Reactive oxygen species can be generated in various chloroplast reactions, most conspicuously as byproducts of photosynthetic electron transport. Electron and energy transfer to oxygen occur even under optimal photosynthetic conditions, but ROS build-up is limited by the action of several antioxidant systems present in the chloroplast, involving both scavenging and dissipative mechanisms. However, if proper distribution of reducing equivalents throughout the ETC is perturbed by biotic or abiotic stresses or in response to developmental programs such as senescence, the rate of leakage increases dramatically, overcoming the control devices and leading to ROS propagation (Mignolet-Spruyt et al., 2016; Sewelam et al., 2016). It is worth noting, in this context, that Fd levels decreased with age in WT leaves (Figure 5C), concurring with earlier observations in tomato (John et al., 1997). As indicated, Fd is the terminal protein acceptor of the ETC and the functional counterpart of Fld in plants (Pierella Karlusich et al., 2014). Fd down-regulation would cause acceptor side limitation, excess excitation on the ETC and over-reduction of chain intermediates. Probability of energy and electron transfer to oxygen would increase, with concomitant ROS propagation which might provide signals for senescence progression. In this sense, Fd decline could play a role analogous to that of cytochrome c release during animal senescence (Fuchs and Steller, 2011).

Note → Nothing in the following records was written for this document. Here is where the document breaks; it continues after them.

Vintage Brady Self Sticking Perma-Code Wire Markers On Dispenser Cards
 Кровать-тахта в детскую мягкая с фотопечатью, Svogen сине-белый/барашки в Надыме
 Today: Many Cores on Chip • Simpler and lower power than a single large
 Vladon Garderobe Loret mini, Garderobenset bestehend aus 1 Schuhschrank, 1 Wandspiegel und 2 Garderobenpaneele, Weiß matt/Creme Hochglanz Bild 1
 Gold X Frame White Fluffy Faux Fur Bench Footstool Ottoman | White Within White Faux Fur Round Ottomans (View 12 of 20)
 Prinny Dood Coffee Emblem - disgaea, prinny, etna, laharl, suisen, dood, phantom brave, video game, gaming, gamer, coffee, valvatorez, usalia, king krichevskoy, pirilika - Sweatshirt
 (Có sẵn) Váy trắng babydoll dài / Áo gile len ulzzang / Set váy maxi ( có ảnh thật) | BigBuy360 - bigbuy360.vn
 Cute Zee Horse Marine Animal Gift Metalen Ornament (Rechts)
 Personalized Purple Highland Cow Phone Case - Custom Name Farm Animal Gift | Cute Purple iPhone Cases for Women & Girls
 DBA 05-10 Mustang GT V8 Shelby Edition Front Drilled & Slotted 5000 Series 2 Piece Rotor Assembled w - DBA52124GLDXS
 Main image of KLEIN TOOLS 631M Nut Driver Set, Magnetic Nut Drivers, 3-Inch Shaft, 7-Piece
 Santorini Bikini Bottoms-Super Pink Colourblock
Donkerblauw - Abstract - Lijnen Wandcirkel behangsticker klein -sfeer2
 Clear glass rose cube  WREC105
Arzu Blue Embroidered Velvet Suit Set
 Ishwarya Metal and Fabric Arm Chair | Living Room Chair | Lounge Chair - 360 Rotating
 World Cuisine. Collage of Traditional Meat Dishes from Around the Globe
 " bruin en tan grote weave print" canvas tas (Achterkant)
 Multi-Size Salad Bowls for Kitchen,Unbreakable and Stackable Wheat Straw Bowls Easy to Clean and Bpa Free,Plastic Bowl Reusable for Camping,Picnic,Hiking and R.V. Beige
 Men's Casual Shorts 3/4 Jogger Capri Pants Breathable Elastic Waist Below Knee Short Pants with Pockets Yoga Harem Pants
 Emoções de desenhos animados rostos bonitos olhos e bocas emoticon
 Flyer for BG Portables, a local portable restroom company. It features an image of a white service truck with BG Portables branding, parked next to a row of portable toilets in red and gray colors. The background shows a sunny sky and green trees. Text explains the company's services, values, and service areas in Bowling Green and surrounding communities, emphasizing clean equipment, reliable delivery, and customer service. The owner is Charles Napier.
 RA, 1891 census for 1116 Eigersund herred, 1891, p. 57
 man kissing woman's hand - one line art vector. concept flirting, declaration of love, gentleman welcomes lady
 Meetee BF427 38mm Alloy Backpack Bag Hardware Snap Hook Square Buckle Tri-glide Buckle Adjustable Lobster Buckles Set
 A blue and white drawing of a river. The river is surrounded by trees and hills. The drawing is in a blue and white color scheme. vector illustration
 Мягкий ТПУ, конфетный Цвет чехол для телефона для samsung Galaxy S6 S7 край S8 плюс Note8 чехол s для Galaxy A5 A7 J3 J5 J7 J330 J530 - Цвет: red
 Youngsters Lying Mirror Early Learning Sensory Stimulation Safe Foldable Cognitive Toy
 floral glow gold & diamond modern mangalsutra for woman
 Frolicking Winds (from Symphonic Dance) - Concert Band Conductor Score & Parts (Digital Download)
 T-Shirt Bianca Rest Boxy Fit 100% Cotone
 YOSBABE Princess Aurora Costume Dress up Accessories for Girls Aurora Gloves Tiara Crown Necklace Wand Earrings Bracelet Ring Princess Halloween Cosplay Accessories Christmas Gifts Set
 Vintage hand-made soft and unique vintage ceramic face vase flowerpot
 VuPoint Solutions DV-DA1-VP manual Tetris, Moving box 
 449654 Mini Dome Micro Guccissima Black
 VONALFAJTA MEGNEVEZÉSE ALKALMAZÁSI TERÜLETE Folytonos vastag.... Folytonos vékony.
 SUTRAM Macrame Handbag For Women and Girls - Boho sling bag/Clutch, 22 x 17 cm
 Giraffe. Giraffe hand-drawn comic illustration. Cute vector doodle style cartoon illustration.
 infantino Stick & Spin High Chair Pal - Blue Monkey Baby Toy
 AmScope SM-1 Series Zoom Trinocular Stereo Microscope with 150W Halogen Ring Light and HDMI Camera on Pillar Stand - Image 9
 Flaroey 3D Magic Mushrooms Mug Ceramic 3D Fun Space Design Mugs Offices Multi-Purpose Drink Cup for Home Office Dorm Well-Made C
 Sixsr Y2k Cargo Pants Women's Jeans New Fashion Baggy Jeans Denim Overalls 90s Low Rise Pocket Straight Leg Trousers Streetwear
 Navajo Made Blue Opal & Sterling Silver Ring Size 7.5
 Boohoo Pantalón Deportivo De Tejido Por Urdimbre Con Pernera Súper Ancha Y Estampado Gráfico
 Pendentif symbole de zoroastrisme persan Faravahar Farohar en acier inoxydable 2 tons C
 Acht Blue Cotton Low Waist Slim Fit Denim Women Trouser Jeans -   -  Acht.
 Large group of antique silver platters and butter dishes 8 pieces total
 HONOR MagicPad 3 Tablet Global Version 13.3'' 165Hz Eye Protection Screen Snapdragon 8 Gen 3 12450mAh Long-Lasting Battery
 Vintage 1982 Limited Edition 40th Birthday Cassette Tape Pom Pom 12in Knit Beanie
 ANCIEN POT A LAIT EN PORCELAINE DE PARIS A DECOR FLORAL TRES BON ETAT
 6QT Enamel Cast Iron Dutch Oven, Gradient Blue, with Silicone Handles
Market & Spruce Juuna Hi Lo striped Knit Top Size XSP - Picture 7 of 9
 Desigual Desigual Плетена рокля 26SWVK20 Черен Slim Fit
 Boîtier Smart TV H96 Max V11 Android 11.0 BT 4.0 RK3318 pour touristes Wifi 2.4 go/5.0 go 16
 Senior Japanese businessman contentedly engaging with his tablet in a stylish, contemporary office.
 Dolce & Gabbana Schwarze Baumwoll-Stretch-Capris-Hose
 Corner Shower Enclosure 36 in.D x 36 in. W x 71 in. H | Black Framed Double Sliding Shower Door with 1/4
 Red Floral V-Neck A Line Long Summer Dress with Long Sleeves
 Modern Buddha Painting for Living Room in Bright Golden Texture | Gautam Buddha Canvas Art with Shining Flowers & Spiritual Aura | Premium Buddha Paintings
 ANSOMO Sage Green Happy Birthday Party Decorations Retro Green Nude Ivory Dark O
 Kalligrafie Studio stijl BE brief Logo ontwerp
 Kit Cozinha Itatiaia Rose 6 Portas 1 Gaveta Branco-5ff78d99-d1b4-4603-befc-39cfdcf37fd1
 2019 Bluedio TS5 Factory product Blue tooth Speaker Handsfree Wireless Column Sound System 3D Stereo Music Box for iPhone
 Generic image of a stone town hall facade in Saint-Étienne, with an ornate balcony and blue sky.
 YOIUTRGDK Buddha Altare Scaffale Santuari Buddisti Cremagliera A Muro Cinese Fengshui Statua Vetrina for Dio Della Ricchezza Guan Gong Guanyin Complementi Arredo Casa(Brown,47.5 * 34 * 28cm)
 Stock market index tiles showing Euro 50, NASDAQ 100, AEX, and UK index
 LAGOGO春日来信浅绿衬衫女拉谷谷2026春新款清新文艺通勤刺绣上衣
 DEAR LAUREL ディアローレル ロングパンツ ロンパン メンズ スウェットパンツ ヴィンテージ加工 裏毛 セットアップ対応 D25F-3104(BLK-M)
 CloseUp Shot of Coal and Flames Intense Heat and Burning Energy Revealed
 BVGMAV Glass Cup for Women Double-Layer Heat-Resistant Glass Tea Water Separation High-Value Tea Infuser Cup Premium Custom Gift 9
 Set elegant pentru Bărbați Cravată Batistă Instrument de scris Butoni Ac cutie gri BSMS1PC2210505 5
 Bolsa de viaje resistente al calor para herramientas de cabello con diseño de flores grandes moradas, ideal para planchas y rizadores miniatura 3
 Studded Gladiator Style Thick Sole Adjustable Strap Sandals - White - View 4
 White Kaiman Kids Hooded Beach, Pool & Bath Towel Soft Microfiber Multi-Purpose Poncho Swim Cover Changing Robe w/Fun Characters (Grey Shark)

Fld can limit chloroplast ROS build-up through three major mechanisms: (i) by providing an alternative, productive electron sink to declining Fd levels drives away part of the reducing equivalents from oxygen and relieves the excess of excitation energy over the ETC, (ii) boosting endogenous antioxidant systems (Tognetti et al., 2006), and (iii) keeping chemical scavengers in a more reduced state (Zurbriggen et al., 2009; Li et al., 2017). Since Fld limits ROS generation rather than scavenging them once formed, all photosynthesis-associated ROS are down-regulated (Pierella Karlusich et al., 2014).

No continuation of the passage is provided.